- First Name(s):Stanley
- Surname:EDEN
- Service Number:1740049
- Rank:
Sergeant/Flight Engineer
- Conflict:WW2
- Service:Air Force
- Air Force:Royal Air Force Volunteer Reserve
- Air Force Unit:420 (Royal Canadian Air Force) Squadron
- Former Units:None
- Date of Death:26th February 1944
- Age At Death:19
- Place of Death:Unknown
- Place of Burial:Durnbach War Cemetery, Germany, Grave 4. G. 26.
- Place of Birth:Unknown
- Home Town:Unknown
- Casualty's Relatives:
Son of Lewis James Eden and Ada Emily Eden, of Worcester
EDEN Stanley Is Named On These Memorials
Further Information About EDEN Stanley
Appears on the Royal Air Force casualties list for Worcestershire.
Berrow’s Worcester Journal, Saturday 18th March 1944:
Sergeant Stanley James Eden (R.A.F.), eldest son of Mr and Mrs L.J. Eden, 30, Perdiswell Street, Barbourne, Worcester, and formerly employed at Archdales, is missing from a raid.
A letter from Stanley Eden’s father, L.J. Eden, 30 Perdiswell St, Barbourne, Worcester, dated March 1952 can be found within war records held at Worcester Archives requesting that his name be added to the county roll of honour. The letter states that he was a Sergeant in the Royal Air Force, service no 1740049.
The following information has been researched by Geoff Hill:
In 1939 Stanley Eden was living at 30 Perdiswell Street, together with his parents Lewis and Ada (nee Young) and three siblings.
No. 420 “City of London” Squadron was a squadron of the Royal Canadian Air Force (RCAF).

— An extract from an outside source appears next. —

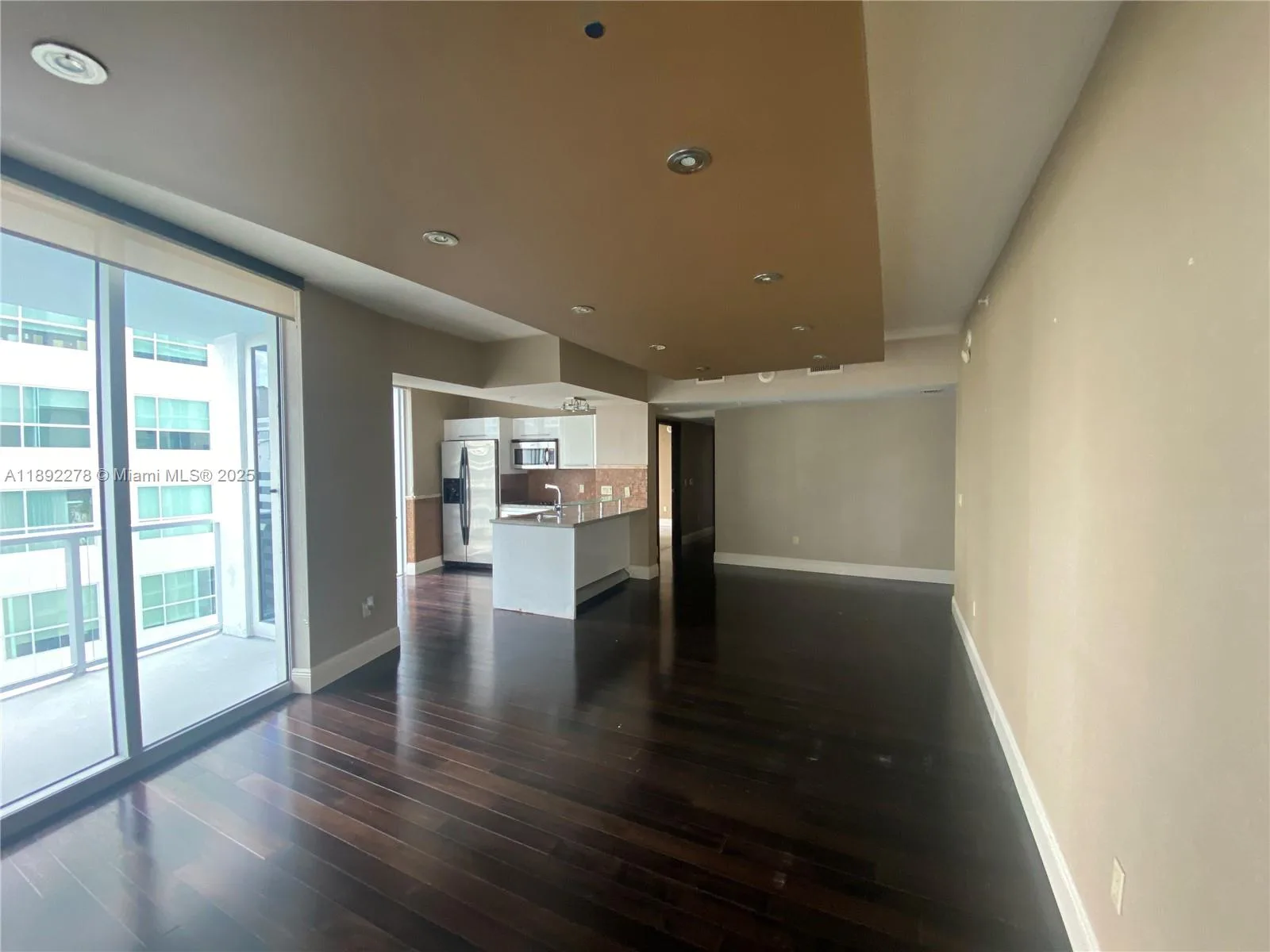 185 SW 7 ST # 2312, Miami, FL 33130 photo 2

The Squadron’s nickname was “Snowy Owl”. Their motto was Pugnamus Finitum, Latin for We Fight To The Finish.
The Squadron was formed at Waddington, Lincolnshire on the 19th December 1941. During World War II, the unit flew Manchester, Hampden, Wellington, Halifax, and Lancaster aircraft on strategic and tactical bombing operations. From June to October 1943 it flew tropicalized Wellington aircraft from North Africa in support of the invasions of Sicily and Italy. In April 1945 they converted to Lancasters. No. 420 Squadron is no longer active.
The great majority of those buried in Durnbach War Cemetery are airmen shot down over Bavaria, Wurtemberg, Austria, Hessen and Thuringia, brought from their scattered graves by the Army Graves Service. The remainder are men who were killed while escaping from prisoner of war camps in the same areas, or who died towards the end of the War on forced marches from the camps to more remote areas.